68. With regard to the first point, it is common knowledge that it is the adverse terms of their international trade that has seriously hampered the progress of our countries. There is still a tremendous and lamentable lack of understanding oil the part of the developed countries of the terms on which their trade relations with the developing countries are carried out, and unfortunately this spirit does not seem to have changed. The whole economic orientation of international trade and industrial production is designed to make things more difficult for the countries which live, precariously from the proceeds of their basic products, the prices of which decrease from day to day on the international market while the prices of manufactured products increase.
69. Recently, in an important article by Josué de Castro, attention was drawn to the impressive fact that, at a time when the external aid given by the industrialized countries to the developing countries amounted, at the most, to an annual total of $8,000 million, the military budgets of those countries amounted to more than $150,000 million. The author of the article said that the comparison between those two figures was the most serious indictment of the policy of the great Powers. For a world in which the elementary needs for food, housing and clothing are calling more and more urgently for some relief, even temporary, it is a source of perpetual resentment to see such extraordinary sums invested in armaments, military equipment and powerful offensive devices. And, worst of all, while that expenditure tends to increase, the money invested in external aid is daily growing less. Moreover, external aid is granted on a bilateral basis and in such circumstances it is generally the political and economic interests of the country granting the aid that prevail over the real needs of the recipient country. Thus the developing countries are placed in a position of inferiority and insecurity.
70. Thousands of voices have been raised in denunciation of this tremendous injustice, which is growing greater with every day that passes. Today the world has before it the spectacle of great prosperity on one side and poverty on the other. Such a world cannot and must not continue — and it certainly will not continue for many years.
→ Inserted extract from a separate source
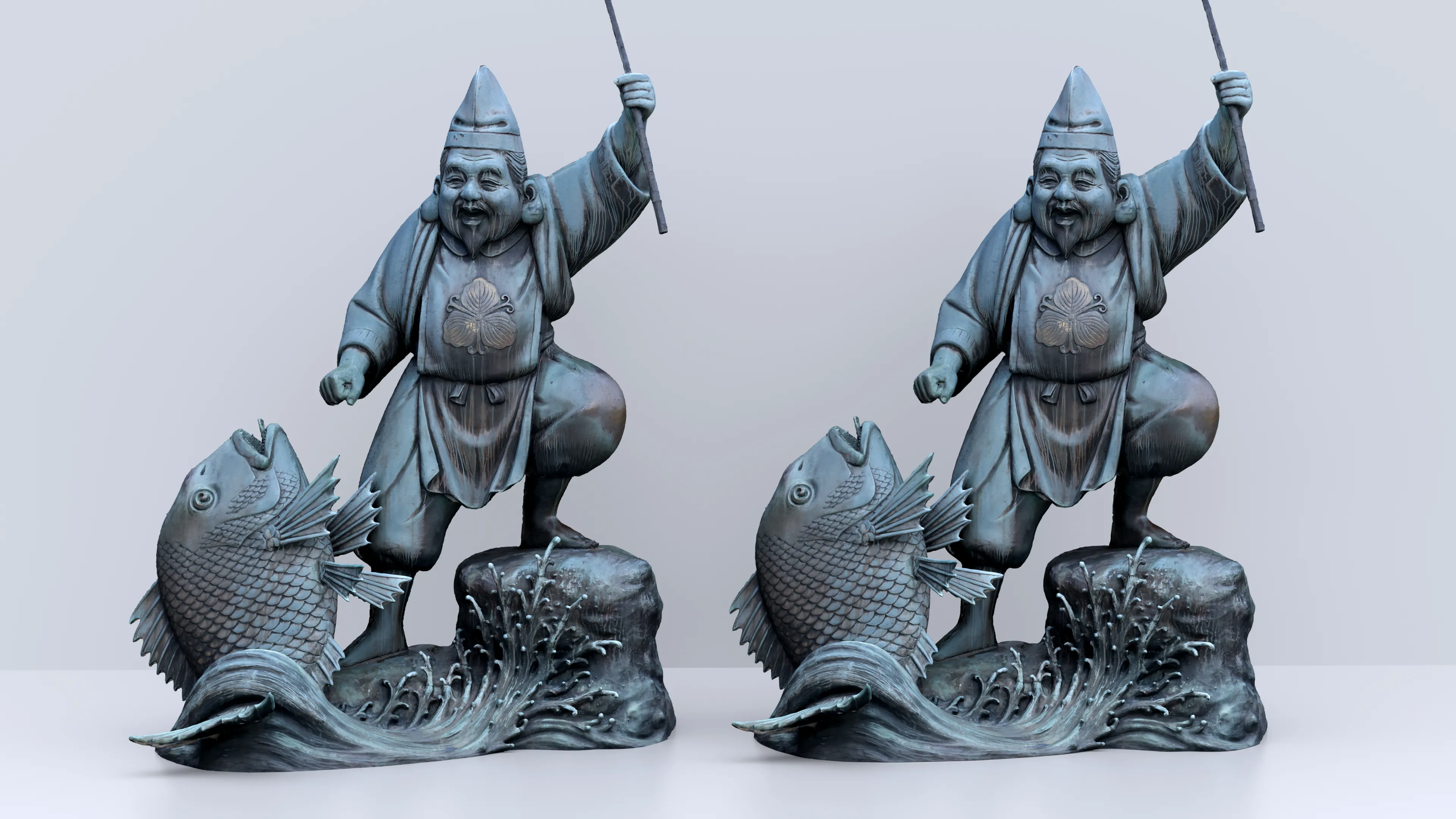 3Dスキャン作品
In his splendid encyclical Populorum Progressio of 26 March 1967, Pope Paul VI gave the leaders and the people of all nations a counsel that we must not forget and that I shall venture to quote to you:
"The same duty of solidarity that rests on individuals exists also for nations: 'Advanced nations have a very heavy obligation to help the developing peoples'...Given the increasing needs of the underdeveloped countries, it should be considered quite normal for an advanced country to devote a part of its production to meet their needs.”
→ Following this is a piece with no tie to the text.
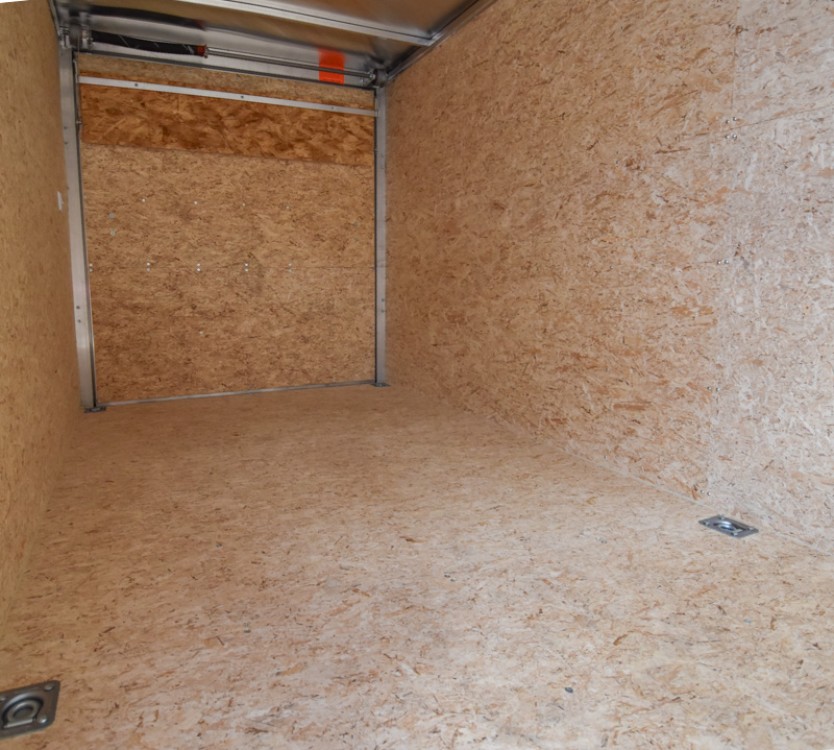 7'x16' Enclosed Cargo Trailer Gallery Photo 3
71. As this new session of the General Assembly opens, my country expresses the hope that we may reach fundamental agreements on the real and more acute problems facing the nations, that we may find suitable ways of settling disputes, that we may work out sound ways of relieving human suffering, eradicating violence and banishing fear, that each human being may gain some degree of well-being-, however small. As mankind grows and science advances, producing the wonders that civilization has placed before our astonished eyes, the ideal of justice becomes more elusive. But we must not resign ourselves to that fact: it is our duty, in the light of our grave responsibility as leaders of our respective countries, to fight stubbornly and tirelessly, undaunted by the most formidable obstacles, to build a future of prosperity for man in a world at peace.